*Exercise instructions*.
From the first line of the data through the line containing "بند عینک مهره ای ستاره", return each line exactly.

# # # #

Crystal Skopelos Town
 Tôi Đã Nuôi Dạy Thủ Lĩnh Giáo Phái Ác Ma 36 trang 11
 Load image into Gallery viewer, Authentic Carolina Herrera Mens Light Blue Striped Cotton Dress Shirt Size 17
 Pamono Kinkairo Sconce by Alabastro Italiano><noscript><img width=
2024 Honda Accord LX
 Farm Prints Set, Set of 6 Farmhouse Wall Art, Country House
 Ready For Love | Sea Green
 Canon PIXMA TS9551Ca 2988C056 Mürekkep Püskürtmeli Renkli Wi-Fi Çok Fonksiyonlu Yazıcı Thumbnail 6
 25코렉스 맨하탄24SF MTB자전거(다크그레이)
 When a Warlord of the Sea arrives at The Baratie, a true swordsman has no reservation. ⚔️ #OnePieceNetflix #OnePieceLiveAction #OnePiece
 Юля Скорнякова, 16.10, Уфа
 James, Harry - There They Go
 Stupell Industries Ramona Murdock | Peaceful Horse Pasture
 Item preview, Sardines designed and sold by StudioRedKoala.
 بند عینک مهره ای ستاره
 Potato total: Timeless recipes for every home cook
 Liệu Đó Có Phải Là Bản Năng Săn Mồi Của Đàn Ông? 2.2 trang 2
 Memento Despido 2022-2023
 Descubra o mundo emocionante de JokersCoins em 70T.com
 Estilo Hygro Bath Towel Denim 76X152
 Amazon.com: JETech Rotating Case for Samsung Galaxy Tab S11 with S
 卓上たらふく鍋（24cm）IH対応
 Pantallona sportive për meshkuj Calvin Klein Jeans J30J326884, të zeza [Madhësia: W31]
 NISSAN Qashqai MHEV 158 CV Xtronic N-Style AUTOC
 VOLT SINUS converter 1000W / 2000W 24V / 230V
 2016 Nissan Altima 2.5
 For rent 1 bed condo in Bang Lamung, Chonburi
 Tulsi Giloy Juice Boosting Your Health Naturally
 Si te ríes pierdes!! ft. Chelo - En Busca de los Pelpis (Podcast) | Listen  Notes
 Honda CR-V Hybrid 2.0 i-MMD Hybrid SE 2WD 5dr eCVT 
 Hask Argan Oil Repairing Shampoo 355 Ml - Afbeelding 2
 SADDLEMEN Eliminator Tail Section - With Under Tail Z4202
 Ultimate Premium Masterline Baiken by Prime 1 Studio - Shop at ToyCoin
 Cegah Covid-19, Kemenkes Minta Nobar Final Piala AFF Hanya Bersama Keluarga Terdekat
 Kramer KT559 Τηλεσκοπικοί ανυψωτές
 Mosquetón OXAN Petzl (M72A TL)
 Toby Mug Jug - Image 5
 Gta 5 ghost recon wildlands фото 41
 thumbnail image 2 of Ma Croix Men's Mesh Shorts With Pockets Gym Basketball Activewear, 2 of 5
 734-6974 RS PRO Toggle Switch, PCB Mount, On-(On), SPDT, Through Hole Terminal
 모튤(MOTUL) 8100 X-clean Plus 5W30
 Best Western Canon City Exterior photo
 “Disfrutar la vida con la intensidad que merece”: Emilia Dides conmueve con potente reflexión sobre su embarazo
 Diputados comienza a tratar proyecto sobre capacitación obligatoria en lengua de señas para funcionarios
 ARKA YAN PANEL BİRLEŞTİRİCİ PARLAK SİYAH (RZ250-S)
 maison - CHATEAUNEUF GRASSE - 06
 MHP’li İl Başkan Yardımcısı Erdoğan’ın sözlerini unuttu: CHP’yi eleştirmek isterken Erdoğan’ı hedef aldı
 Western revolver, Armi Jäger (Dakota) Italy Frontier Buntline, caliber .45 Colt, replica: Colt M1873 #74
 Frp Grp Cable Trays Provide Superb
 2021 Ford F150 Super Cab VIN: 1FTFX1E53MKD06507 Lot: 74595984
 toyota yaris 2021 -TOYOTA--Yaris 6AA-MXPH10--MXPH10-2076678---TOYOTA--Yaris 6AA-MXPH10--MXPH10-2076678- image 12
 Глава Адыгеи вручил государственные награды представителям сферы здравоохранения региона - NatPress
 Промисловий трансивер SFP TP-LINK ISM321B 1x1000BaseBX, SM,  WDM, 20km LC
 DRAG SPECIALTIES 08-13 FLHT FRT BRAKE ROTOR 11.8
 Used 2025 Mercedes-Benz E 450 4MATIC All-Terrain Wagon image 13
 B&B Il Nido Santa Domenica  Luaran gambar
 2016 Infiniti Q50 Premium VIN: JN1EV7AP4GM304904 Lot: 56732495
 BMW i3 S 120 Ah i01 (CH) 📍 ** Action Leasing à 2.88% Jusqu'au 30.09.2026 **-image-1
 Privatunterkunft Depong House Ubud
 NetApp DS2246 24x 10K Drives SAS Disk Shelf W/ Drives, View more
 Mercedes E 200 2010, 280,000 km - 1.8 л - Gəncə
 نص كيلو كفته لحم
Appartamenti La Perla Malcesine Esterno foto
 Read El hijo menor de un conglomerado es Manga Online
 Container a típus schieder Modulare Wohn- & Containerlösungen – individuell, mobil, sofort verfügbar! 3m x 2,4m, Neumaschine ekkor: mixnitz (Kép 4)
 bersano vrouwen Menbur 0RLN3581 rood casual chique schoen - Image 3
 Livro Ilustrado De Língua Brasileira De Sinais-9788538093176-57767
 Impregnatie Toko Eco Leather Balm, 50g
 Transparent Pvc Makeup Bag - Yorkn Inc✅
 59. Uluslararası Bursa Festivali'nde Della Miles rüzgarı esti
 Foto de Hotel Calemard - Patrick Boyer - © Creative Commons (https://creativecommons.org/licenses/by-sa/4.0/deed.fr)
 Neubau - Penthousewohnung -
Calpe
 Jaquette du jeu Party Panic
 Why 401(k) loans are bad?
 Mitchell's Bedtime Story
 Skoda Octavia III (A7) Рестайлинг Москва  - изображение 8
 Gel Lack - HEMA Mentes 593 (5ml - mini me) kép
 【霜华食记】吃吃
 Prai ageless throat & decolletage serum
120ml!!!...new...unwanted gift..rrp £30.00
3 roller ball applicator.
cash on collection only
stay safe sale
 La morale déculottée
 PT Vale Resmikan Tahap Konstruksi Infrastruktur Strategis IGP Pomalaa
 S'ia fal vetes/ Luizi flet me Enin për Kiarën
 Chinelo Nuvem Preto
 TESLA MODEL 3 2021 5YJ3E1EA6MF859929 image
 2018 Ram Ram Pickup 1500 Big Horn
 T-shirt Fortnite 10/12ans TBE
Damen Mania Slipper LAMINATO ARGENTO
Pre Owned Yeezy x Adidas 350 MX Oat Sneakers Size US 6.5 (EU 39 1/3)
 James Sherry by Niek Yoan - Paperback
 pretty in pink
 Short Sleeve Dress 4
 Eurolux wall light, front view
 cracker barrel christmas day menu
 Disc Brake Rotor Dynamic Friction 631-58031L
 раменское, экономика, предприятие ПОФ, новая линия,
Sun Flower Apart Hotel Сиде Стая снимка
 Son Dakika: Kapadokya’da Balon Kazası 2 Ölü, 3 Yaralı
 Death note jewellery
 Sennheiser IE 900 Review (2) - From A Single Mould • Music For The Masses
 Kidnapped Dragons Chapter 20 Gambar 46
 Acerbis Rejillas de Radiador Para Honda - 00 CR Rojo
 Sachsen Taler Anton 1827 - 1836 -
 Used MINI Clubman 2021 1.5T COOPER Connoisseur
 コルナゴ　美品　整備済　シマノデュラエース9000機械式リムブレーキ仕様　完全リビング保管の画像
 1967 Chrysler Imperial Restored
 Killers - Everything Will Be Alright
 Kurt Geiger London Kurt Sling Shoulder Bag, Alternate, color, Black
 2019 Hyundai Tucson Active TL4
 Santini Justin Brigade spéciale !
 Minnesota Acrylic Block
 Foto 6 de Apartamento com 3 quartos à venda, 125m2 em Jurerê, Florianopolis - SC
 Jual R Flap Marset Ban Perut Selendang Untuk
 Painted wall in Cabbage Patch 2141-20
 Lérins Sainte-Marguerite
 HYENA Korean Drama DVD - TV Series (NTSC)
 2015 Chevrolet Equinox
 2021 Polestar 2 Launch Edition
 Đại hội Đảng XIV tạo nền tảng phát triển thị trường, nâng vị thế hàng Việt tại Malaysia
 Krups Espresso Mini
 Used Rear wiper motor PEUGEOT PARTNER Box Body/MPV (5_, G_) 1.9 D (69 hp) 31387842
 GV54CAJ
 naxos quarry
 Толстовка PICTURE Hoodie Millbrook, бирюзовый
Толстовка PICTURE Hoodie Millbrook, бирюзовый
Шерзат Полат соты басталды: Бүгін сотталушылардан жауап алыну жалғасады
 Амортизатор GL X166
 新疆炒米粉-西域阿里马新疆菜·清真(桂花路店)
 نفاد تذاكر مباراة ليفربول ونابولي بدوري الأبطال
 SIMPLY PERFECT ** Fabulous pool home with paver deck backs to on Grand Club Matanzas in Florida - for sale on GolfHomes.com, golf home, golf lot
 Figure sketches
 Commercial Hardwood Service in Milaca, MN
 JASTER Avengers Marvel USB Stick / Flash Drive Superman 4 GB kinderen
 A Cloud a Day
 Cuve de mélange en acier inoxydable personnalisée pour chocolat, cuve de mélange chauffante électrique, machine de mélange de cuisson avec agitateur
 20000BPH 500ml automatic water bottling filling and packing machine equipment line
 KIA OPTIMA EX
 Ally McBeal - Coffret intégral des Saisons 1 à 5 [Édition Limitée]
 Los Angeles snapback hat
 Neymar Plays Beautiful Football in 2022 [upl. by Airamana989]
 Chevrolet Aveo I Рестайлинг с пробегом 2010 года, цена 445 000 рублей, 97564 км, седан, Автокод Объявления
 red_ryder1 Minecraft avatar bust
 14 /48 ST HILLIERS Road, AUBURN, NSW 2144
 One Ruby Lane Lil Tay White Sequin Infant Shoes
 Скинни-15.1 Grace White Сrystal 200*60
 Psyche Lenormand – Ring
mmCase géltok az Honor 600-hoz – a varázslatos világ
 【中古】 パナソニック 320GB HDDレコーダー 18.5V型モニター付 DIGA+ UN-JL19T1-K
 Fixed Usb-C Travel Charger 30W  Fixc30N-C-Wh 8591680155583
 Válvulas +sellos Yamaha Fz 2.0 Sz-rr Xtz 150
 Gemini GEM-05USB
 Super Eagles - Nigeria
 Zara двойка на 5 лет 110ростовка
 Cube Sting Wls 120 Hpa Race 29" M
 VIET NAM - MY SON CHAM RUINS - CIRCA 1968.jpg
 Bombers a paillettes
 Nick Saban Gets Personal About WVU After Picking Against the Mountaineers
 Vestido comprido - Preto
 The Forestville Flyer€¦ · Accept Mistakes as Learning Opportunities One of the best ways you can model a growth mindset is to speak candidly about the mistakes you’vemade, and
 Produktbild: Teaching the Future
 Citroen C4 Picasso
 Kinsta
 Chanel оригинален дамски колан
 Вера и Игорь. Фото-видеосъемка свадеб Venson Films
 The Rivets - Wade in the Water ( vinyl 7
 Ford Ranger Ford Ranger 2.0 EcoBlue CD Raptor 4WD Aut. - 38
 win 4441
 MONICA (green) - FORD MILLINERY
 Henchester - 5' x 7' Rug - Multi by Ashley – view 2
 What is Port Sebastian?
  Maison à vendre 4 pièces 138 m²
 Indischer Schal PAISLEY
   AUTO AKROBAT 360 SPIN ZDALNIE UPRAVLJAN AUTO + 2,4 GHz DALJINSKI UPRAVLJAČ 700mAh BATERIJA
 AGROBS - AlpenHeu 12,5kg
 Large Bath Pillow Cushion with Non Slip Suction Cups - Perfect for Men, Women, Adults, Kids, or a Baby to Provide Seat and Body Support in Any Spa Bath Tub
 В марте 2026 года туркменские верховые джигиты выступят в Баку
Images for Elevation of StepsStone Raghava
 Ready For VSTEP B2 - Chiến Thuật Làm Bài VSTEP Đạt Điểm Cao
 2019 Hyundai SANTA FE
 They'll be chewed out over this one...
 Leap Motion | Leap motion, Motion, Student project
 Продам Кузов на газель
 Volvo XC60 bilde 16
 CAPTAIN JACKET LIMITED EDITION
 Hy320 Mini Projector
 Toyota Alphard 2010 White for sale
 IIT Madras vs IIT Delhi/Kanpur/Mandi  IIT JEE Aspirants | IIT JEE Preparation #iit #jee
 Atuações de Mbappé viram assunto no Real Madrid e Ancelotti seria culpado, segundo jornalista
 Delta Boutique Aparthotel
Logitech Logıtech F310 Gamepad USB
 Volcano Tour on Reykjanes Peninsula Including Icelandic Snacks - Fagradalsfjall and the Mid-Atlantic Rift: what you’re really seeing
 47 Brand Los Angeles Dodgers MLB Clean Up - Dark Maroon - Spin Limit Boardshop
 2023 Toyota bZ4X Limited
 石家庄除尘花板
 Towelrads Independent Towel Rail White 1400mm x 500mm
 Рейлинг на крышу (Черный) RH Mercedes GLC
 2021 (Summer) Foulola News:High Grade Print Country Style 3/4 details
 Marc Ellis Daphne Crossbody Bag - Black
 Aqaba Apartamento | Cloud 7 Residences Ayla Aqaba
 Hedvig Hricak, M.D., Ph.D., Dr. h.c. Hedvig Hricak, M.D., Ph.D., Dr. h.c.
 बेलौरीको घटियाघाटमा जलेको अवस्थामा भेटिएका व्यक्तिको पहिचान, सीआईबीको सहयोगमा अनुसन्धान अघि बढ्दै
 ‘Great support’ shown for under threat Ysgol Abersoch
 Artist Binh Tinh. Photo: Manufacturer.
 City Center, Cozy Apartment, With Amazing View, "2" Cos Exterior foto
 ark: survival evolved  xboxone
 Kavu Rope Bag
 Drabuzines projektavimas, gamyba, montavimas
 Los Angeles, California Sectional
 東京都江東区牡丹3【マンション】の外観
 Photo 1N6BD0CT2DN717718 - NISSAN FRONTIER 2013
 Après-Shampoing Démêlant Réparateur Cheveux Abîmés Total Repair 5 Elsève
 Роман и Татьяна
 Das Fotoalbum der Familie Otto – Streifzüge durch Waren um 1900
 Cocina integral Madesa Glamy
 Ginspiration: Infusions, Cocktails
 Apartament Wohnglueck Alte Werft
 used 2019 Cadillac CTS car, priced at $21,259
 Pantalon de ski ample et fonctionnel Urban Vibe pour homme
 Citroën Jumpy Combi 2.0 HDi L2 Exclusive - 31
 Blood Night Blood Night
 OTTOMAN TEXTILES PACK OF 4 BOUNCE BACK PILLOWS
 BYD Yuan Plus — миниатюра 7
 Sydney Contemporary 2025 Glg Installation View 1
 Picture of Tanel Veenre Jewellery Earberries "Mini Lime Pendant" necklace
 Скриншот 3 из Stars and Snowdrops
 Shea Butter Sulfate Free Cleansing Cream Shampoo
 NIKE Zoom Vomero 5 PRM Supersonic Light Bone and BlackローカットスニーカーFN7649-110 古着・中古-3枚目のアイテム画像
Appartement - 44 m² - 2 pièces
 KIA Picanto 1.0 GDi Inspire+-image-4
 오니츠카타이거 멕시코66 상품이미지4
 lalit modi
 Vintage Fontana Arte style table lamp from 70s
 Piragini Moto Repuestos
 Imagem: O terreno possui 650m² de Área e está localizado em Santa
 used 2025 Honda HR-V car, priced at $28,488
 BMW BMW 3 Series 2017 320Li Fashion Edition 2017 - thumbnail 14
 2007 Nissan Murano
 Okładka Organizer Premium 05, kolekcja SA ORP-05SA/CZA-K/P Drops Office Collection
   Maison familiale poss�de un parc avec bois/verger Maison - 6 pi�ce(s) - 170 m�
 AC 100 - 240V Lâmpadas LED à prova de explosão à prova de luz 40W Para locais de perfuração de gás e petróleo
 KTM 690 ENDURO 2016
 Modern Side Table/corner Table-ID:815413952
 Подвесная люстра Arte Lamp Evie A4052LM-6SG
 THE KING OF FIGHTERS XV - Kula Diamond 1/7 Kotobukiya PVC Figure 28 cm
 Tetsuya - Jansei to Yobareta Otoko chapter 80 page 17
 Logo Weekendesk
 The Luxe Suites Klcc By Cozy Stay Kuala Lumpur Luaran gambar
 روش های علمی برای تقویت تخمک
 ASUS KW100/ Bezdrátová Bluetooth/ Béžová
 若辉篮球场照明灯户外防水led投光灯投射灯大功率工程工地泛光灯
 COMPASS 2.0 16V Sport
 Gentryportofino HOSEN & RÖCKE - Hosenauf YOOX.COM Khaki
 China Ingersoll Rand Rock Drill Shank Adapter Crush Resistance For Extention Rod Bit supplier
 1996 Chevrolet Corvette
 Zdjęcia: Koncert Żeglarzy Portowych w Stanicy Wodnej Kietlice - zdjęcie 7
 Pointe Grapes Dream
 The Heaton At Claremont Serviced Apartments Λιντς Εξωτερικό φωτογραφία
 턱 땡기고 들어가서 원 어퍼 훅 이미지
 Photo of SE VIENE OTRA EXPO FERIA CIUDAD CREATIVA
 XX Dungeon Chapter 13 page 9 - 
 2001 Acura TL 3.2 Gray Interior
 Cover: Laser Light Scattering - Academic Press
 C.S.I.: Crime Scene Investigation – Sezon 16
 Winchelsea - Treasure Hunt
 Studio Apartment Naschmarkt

# # # #

*Written reply*.
Crystal Skopelos Town
 Tôi Đã Nuôi Dạy Thủ Lĩnh Giáo Phái Ác Ma 36 trang 11
 Load image into Gallery viewer, Authentic Carolina Herrera Mens Light Blue Striped Cotton Dress Shirt Size 17
 Pamono Kinkairo Sconce by Alabastro Italiano><noscript><img width=
2024 Honda Accord LX
 Farm Prints Set, Set of 6 Farmhouse Wall Art, Country House
 Ready For Love | Sea Green
 Canon PIXMA TS9551Ca 2988C056 Mürekkep Püskürtmeli Renkli Wi-Fi Çok Fonksiyonlu Yazıcı Thumbnail 6
 25코렉스 맨하탄24SF MTB자전거(다크그레이)
 When a Warlord of the Sea arrives at The Baratie, a true swordsman has no reservation. ⚔️ #OnePieceNetflix #OnePieceLiveAction #OnePiece
 Юля Скорнякова, 16.10, Уфа
 James, Harry - There They Go
 Stupell Industries Ramona Murdock | Peaceful Horse Pasture
 Item preview, Sardines designed and sold by StudioRedKoala.
 بند عینک مهره ای ستاره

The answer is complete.